By Kate Nash: The New Mexican
Open-government and press advocates say proposed new exemptions to the state’s public records law have made a good government bill turn bad.
House Bill 507, sponsored by House Majority Leader Ken Martinez, D-Grants, aimed to speed up the response time for getting public records, as well as make clear that e-mail can be used to make a formal request under the act.
But a committee substitute for the measure being pushed by executive agencies under the Richardson administration stripped out the quicker-release-of-records provision from the bill. Meanwhile, the new bill would create new exemptions to the Inspection of Public Records Act — changes that Martinez cannot support and never intended.
Groups who were supporting the bill until a meeting Wednesday of the House Health and Government Affairs Committee now say the proposal is “a disaster for the cause of open and honest government” and “absolutely subverts and reverses the intent” of the original bill.
The committee didn’t act on the substitute bill.
“The bill would almost define `public records’ out of existence,” said Kip Purcell, president of the New Mexico Foundation for Open Government.
“It would permit public bodies to keep records secret ‘by rule,’ it would hide some of the secrecy rules themselves, it would classify nearly all documents pertaining to the ‘regulation or supervision of financial institutions,’ it would single out litigants against the government for unfavorable treatment,” Purcell said in a statement.
“It would permit the withholding of documents on the basis of such nebulous and infinitely subjective standards as ‘clearly unwarranted invasions of personal privacy’ and ‘frustration of a legitimate government function, and it would arguably make confidential all government-generated documents that are not otherwise ‘available by law.”’
Martinez said several executive agencies sought the exemptions, although he wasn’t sure which ones.
When asked if Gov. Bill Richardson is supporting the exemptions, spokesman Gilbert Gallegos said the governor often doesn’t comment on pending legislation.
And Gallegos said the agencies seeking the exemptions didn’t consult with the Governor’s Office about them.
The exemptions include “records of a public body, that, by their nature, must be confidential in order for the public body to avoid the frustration or a legitimate government function.”
Also exempted would be “records contained in or related to examination, operating or condition reports prepared by, on behalf of or for the use of a public body responsible for the regulation or supervision of financial institutions.”
Another proposed change in the bill says that nothing in the records act “shall be construed to require a public body to provide records pursuant to that act to a party with whom it is in litigation.”

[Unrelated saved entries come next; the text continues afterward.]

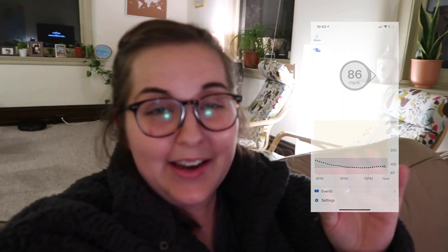It is after 10:30 now. I'm 86 and coasting — so happy with that number. I almost kind of can't believe it. I haven't taken any more insulin, haven't eaten anything, I've just been chilling on the couch watching Jersey Shore. So I would say the keto pizza was a big success. Very excited about that. I'm going to end the video here because it is kind of late and I'm going to go to bed soon.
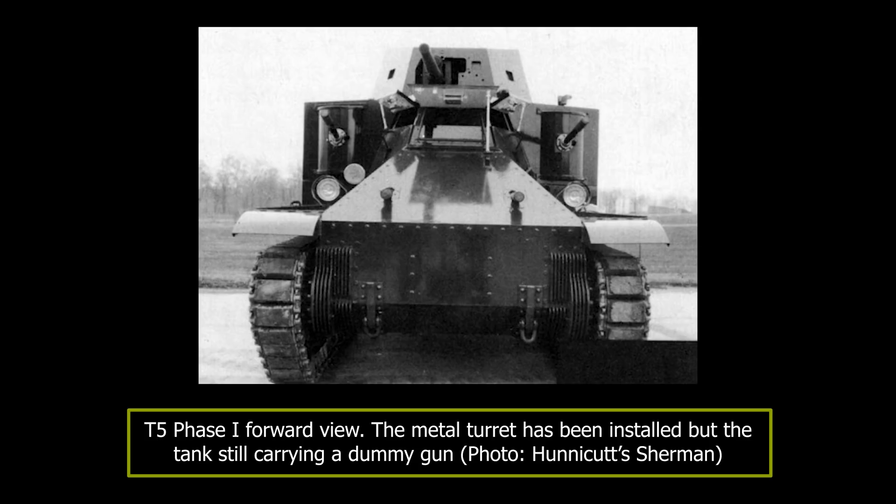Some other minor changes during this development stage included moving the driver's seat from the floor on the front left side of the tank to a position in the center over the transmission. With its crew of five and armor protection ranging from 25 to 6.35mm, the T5 Phase 1, fully loaded, had a weight of just over 15 tons, with a ground pressure of 9.6 psi. The tank was powered by the same 268 horsepower Continental air-cooled petrol radial engine as the M2 light tank. The transmission had five speeds forward and one reverse. The suspension was the same vertical volute spring suspension as the M2. With a 16 horsepower-per-ton ratio, the top speed was 49 km/h, and with a fuel capacity of 473 liters, the range was 201 km.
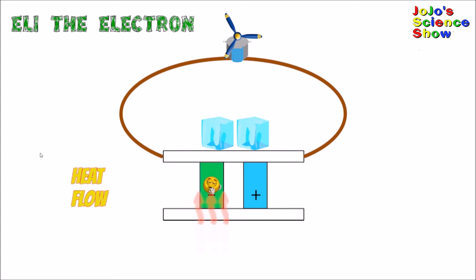Heat flows from the warm side of the Peltier device to the cool side. Eli absorbs this heat and becomes thermally excited. He jumps to a higher energy level and starts to move around the circuit. This is called the Seebeck effect. Eli uses his energy to turn the motor and then he goes back toward the Peltier device.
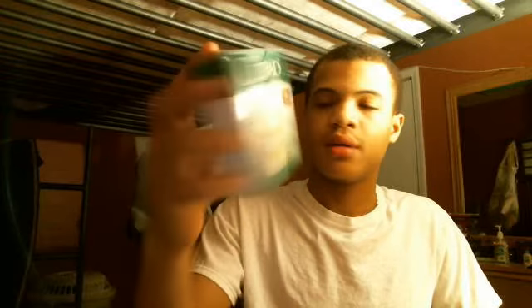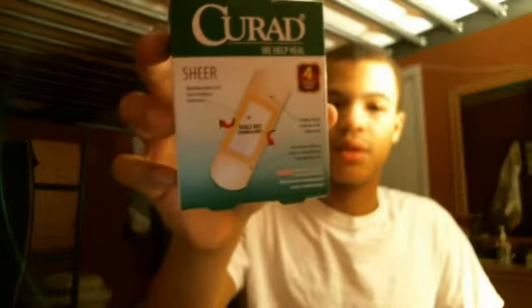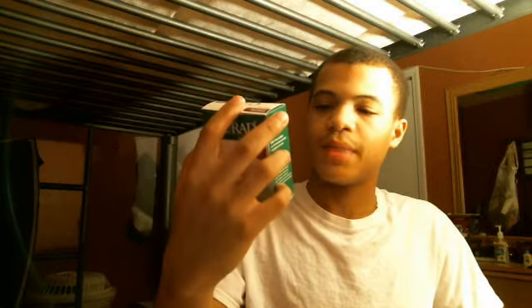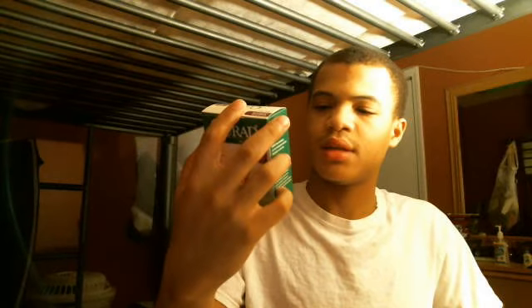Currad band-aids — they help heal. The nonstick pad does not stick to your wound. This is flexible plastic that stretches with movement and seals out dirt. On the other side, it's less noticeable on your skin. And this pack has about sixty bandages.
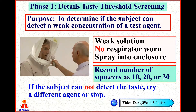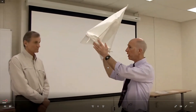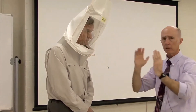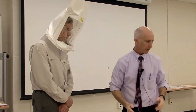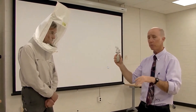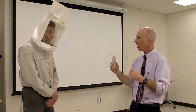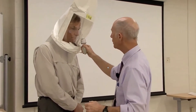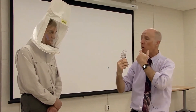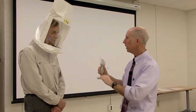Let's go ahead and look at a demonstration. I'm going to take this enclosure and place it over the subject's head, leaning it forward so that the plastic is not right up against his face. I'm going to take the weak solution and spray it, and I'll ask him to breathe with his mouth open because this is an agent that has a taste response. However, I don't want to spray the nebulizer directly into his mouth. It's best to envision where the sealing surfaces are on the respirator and spray around the periphery of the respirator. Glenn, I'm going to have you breathe with your mouth open.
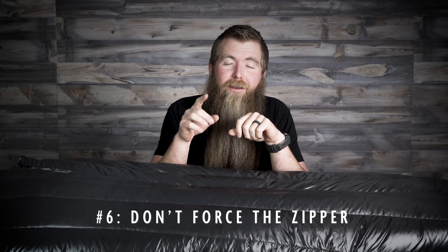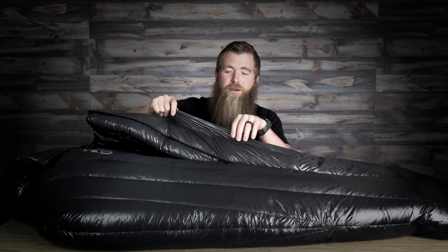Number six: do not force the zipper. The amount of claims we see come into our warranty department where people have clearly caught fabric from a baffle into the zipper and ripped it open — it's wild. Be patient with your product. Our product right here, the Summit sleeping bag, has an anti-snag YKK zipper with an anti-snag guard. What that means is you can still get the fabric caught in it, but it will not bind into the teeth before it stops — so just zip down, pull that fabric out, and you'll never damage your bag.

Martinez said that’s not what he had in mind.
“I didn’t want it to be a bill about exemptions,” he said. “This bill wasn’t about all that.”
Lt. Gov. Diane Denish, who earlier in the session held a news conference to endorse the original bill, among other measures, said the changes “cripple” it.
“I do not support the committee substitute and stand completely behind House Majority Leader Ken Martinez. We want the bill to be effective in bringing more transparency and better responsiveness,” she said in a statement. “The exemptions in the amendments cripple the bill. The sponsor is trying to maintain the integrity and spirit of HB 507, and we both hope to see that restored.”
Among other things, Martinez’s measure aimed to speed up the response time for agencies to produce records under the records act.
Currently, agencies have three days to respond to a request for records and 15 days to produce the information unless they need more time. The original bill would give an agency 10 days to produce records.
That provision was stripped out.
The bill still would make clear that an e-mail is recognized as an official request for records under the act, after a handful of state agencies in the past have refused to recognize e-mails as written request.
Martinez said he’ll work to restore the bill to its original form.
Dana Bowley, executive director of the New Mexico Press Association called the measure as it stands “awful legislation.”
“The new exemptions range from nonsensical to being so broad they could include almost any public record. And some of them are legally questionable. For instance, the provision allowing public bodies to deny public records to someone with whom they are in litigation is a costly, losing lawsuit waiting to happen to the first public body that tries it,” he said in a statement.
“Public records are public records; you can’t pick and choose what members of the public you’ll give them to.”
The bill as drafted would also allow an agency that plans to deny the records request to seek an attorney general opinion on whether the denial is consistent with the records act. The AG would have to respond within five days, but the change also says that any time limits for releasing the records “shall be tolled until the public records custodian receives an opinion from the attorney general.”
Attorney General spokesman Phil Sisneros said the office is opposed to the bill.
The New Mexican and Freedom New Mexico are members of both the New Mexico Press Association and the Foundation for Open Government.